A second microtubule binding site in conventional kinesin. (A) Kin1 is the conventional kinesin from U. maydis (Lehmler et al., 1997). It has an N-terminal motor core. The Kin1 tail is predicted to consist of a globular domain (G1), three coiled-coils (C1-C3), and a C-terminal globular domain (G2). Amino acids are given above the bar. (B) The C-terminal portion of conventional kinesin tails contains binding sites for light chains (Diefenbach et al., 1998) and organelles (Seiler et al., 2000) as well as a conserved motif that is implied in regulation of motor activity (Stock et al., 1999; Seiler et al., 2000). In addition, the C-terminal 196 amino acids of human kinesin heavy chain (HsKHC) localize to microtubules in vivo (Navone et al., 1992); region indicated by light blue bars). A microtubule binding activity was mapped to 55 amino acids between organelle binding and ATPase regulation sites (Hackney and Stock, 2000). Sequence similarity between human and fungal (UmKin1) kinesin is significantly higher within the functional regions. Note that fungal kinesins do not possess light chains. (C) Recombinant tail polypeptides from human kinesin-1 (HsC3G2) and U. maydis kinesin-1 (UmC3G2) cosedimented specifically with taxol-stabilized microtubules.

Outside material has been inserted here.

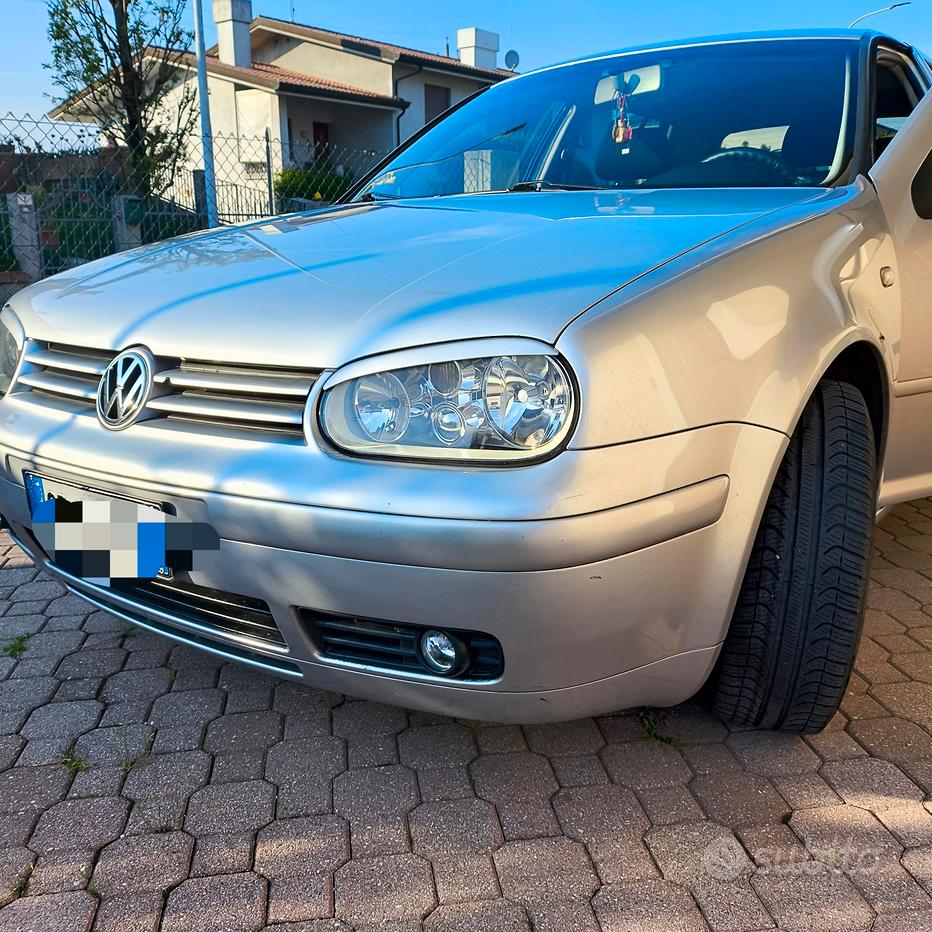 VOLKSWAGEN Golf 4ª serie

Compare pellets after centrifugation with and without microtubules (+MT and -MT) from E. coli extracts (input). Note that microtubules were limiting in that experiment, thus similar amounts of both polypeptides were pulled down. (D) Expression of full-length Kin1 tagged with triple GFP resulted in an even cytoplasmic background. Bar, 5 μm. (E) A fusion protein of YFP and the Kin1 tail (amino acids 336-968) localized to microtubules (CFP-α-tubulin, red) in U. maydis Δkin1 cells. Note that colocalization occurs mainly within microtubule bundles (marked by arrowheads). Bars, 1 μm.

Figure 2.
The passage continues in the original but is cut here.